Aujourd’hui, à surprendre certain auteurs, réputés underground ou inaccessibles, en train de fouiner les brocantes et les soldeurs en quête d’une édition rare de Gil Jourdan, on réalise à quel point son oeuvre explose les frontières supposées entre académisme et avant-garde. Il faut rendre grâce au galeriste Daniel Maghen d’avoir offert, en guise de célébration mémorielle et vivante, un véritable écrin, le mot n’est pas trop fort, avec cet ouvrage richement illustré et qui porte le nom de la revue où Tillieux, en 1949, créa Félix, ce personnage-esquisse du classieux Gil. Subtil équilibre entre aquarelles, planches en noir et blanc, mises en couleurs et interventions de Tillieux lui-même, cette biographie est un innamoramento, une surprise de l’amour ravissant le lecteur qui ne sait jamais véritablement ce qui l’attend d’une page à l’autre.

Parmi les moments de pure grâce, on peut relever cette histoire intégrale de Félix, datée de novembre 1950, qui se déroule en pleine guerre de Corée, une autre, magistrale et à la géniale économie de moyens, intitulée sobrement « La Roue », où un angelot doit remplir huit bonnes actions pour récupérer son auréole, ou encore l’humilité déconcertante de Tillieux devant ses propres lacunes graphiques.
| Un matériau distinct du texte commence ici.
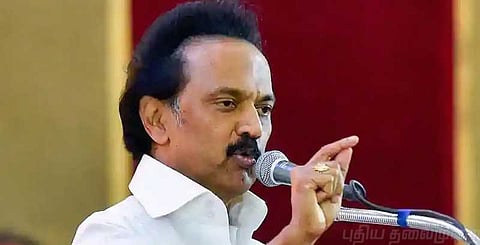 ஊழல் பற்றி பேசாமல் ஆளுநர் நடவடிக்கை எடுக்க வேண்டும்.. மு.க.ஸ்டாலின்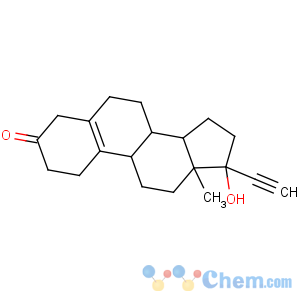 CAS No:68-23-5 (8R,9S,13S,14S,17R)-17-ethynyl-17-hydroxy-13-methyl-1,2,4,6,7,8,9,11,12,<br />14,15,16-dodecahydrocyclopenta[a]phenanthren-3-one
Il faut dire que lorsqu’il débuta dans Spirou, la référence absolue (qui l’est encore aujourd’hui) n’était ni plus ni moins que Franquin. Ses réflexions lumineuses – et très drôles – sur le design character de Gil Jourdan, Libellule ou l’inénarrable inspecteur Crouton, toujours entre réalisme et caricature, montrent la difficulté d’échapper à l’ombre écrasante du géant André.

Bien sûr, le rapprochement avec un autre Belge illustre, Georges Simenon, ressurgit invariablement lorsqu’il s’agit d’évoquer cette ambiance inimitable des albums de Tillieux, à l’image du sublime Cargos du crépuscule. Comme le paternel de Maigret, Maurice Tillieux parvient, selon les mots justes de Frédéric Buntinx, le petit-fils de l’auteur, « à créer des univers entiers à partir d’une situation anodine ou d’une rencontre fortuite ». Les multiples références aux voitures ne sont pas les moins émouvantes, notamment lorsque Tillieux évoque une Hillman 1947, qu’il démonta entièrement au point de craindre l’explosion lorsqu’il mit le contact. Pour le reste, il suffit tout bêtement de lire et relire ses histoires, car après tout, selon le credo de Tillieux : « On n’est pas là pour expliquer, mais pour dessiner ! ».